Pensaba en ello hoy saliendo del cine y a propósito de Truman, la película de Cesc Gay, protagonizada por los enormes actores que son Ricardo Darín y Javier Cámara, dos amigos de juventud que vuelven a reencontrarse después de un tiempo de no verse debido a la distancia: uno vive en Madrid y otro en Canadá.

En un momento de la historia, puede que uno de los que más me conmovió, Julián, el personaje protagonizado por Darín, al darse cuenta que un compañero finge no haberlo visto, simplemente afirma: “No me quiso saludar porque huele la muerte”.

Unos minutos más tarde, prácticamente la misma escena, pero en otro restaurante, el mismo hombre, acompañado de Tomás (Javier Cámara), se reencuentra con otro amigo, esta vez alguien a quien un día engañó y traicionó. Y entonces los papeles se invierten. Julián trata de esconderse, mientras que el otro, ante su sorpresa, le da una gran lección: le saluda afectuosamente, da la cara y le confiesa que lo siente, que le sabe mal que esté pasando por esta mala situación.

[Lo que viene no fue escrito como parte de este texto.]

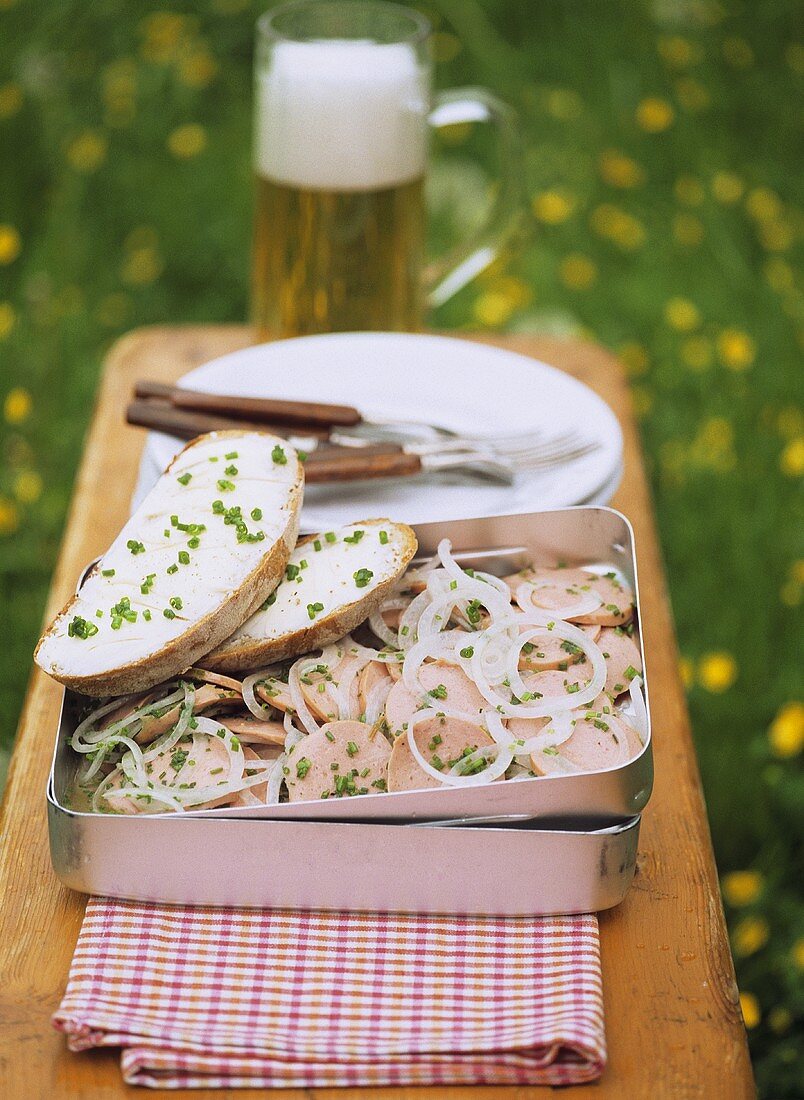 Sausage salad with onions in picnic box; bread & butter; beer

Reflexionaba sentado en mi butaca ante la gran pantalla y me preguntaba: ¿Nos cuesta todavía hablar de la muerte? ¿Nos cuesta mirar de frente a aquel amigo que sabemos que no le queda mucho tiempo? ¿Evitamos hablar de cómo queremos morir? ¿Nos da miedo?

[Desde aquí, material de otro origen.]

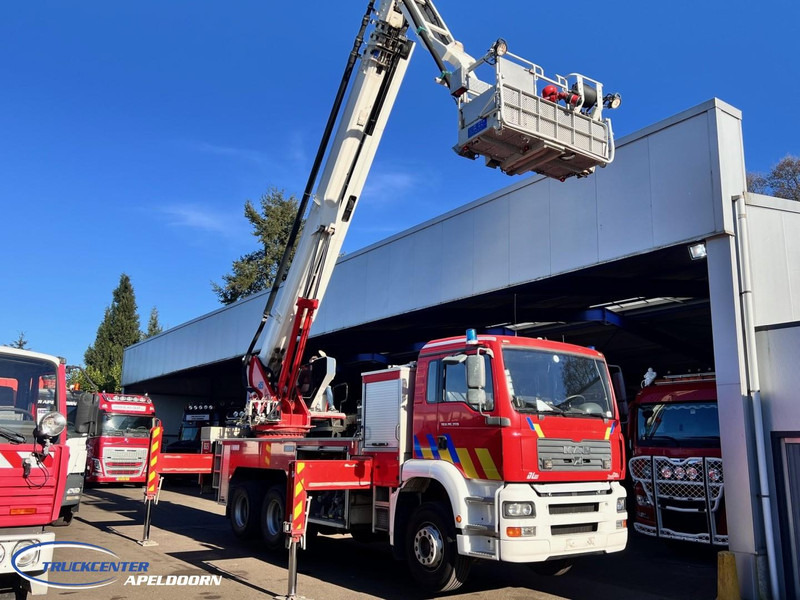 MAN TGA 26.350 Magirus ALP 320L = 32 meter, Waterpomp, 6x4, Bladgeveerd - Fire engine: picture 2 MAN TGA 26.350 Magirus ALP 320L = 32 meter, Waterpomp, 6x4, Bladgeveerd - Fire engine: picture 2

Puede que a algunos, un poco. Porque unos minutos después de esta escena del filme, muy recomendable por cierto, una pareja de mediana edad, se levantó de su asiento, cogieron los abrigos, y el bolso, ella, y simplemente se largaron de la sala. Puede que para ellos, sí, la muerte siga siendo un tabú. 

domingo, 20 de septiembre de 2015

¡Claro que mañana vuelves al trabajo!

¡Mañana vuelves al trabajo! Esto está clarísimo. ¿Tú que te crees? – me advirtió mi padre cuando le dije que no volvería el día siguiente a mi primera suplencia de fines de semana, entonces como auxiliar enfermero en el Instituto Guttmann de Barcelona. Y a primera hora de la mañana de aquel domingo, mi padre me acompañó hasta la puerta del trabajo para asegurarse de que cumplía con mi obligación.

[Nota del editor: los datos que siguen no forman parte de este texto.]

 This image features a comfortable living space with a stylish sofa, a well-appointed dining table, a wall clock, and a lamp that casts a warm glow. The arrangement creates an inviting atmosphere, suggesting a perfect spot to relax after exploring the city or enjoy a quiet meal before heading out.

El primer día en el centro, en el que tuve que hacer cambios posturales, dar de comer y ayudar a los pacientes ingresados, muchos de ellos jóvenes de mi misma edad tetrapléjicos, parapléjicos, de nacimiento o que habían sufrido accidentes de tráfico recientes, me impactó tan dolorosamente que al salir tuve claro que no volvía, que aquello no estaba hecho para mí.

Pero continué en el Instituto Guttmann, supongo que inicialmente obligado por mis padres, a quien seguramente al final les debo haber descubierto mi primera vocación como enfermero. Con los años me convertí en enfermero especialista en geriatría y acabé por ver que lo que más me gustaba era el contacto con personas mayores, en ocasiones dependientes, y acompañar, de esta manera, a uno de los colectivos más frágiles y vulnerables. 

Durante aquellos meses hice de todo: cambiar la postura de los ingresados, ayudarles a comer, a hacer sus necesidades, limpiarlos, acompañarlos, escucharles. También aprendí mucho de ellos, de sus experiencias y de sus historias, algunas de ellas muy duras. Y al final, con el tiempo, aquella experiencia se fue desdibujando en mi mente. Guttmann se quedó en mi memoria como mi primera experiencia profesional, pero poco más. Hasta hace una semana.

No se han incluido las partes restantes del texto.